Safety and OSHA News

Was he fired for safety violation or racial discrimination?


Have you ever fired someone for violating a company safety rule? In this case, a company did just that and then found itself in court on a charge of racial discrimination.

Georgia-Pacific fired supervisor Ezra Brady for instructing an employee to use an improper lockout procedure. The plant manager claimed the result was that an energy source wasn’t isolated and employees were at risk. The company said Brady willfully violated company policy.

The company had safety rules in its employee handbook that spelled out lockout requirements.

Brady filed a complaint with the Equal Employment Opportunity Commission (EEOC), alleging that he’d been fired as a result of racial discrimination. Brady says he was fired for a first offense, while two white employees were only suspended for three days for the same offense.

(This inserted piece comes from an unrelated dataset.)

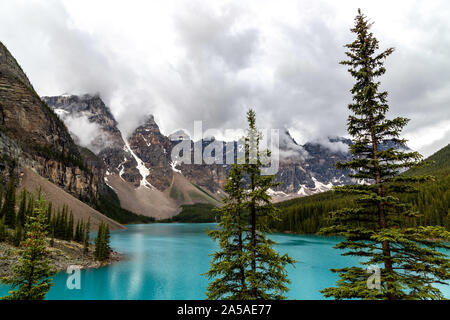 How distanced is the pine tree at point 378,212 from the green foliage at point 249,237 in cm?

When the EEOC found reasonable cause that Georgia-Pacific had racially discriminated against him, Brady filed a lawsuit against the company. G-P asked to have the case thrown out.

The court agreed to throw out Brady’s lawsuit because he didn’t prove that his employer gave preferential treatment to another employee under nearly identical circumstances.

In one situation in which a white employee was suspended, the worker was making repairs on a conveyor and reached far enough into it to have required a lock-out. The plant manager said this employee was only suspended for three days because he didn’t put any other employees in danger. The court found this didn’t qualify as a nearly identical circumstance.

In the second case, a manager and two other employees were conducting an inspection. One employee turned off a breaker to a machine. None of the three had a lock for the breaker, and the manager decided one wasn’t needed because he was supervising the situation. That manager also received a three-day suspension. Management said this case was not a willful violation of company policy because the manager thought he was doing the right thing. Once again, the court said this didn’t qualify as a nearly identical circumstance.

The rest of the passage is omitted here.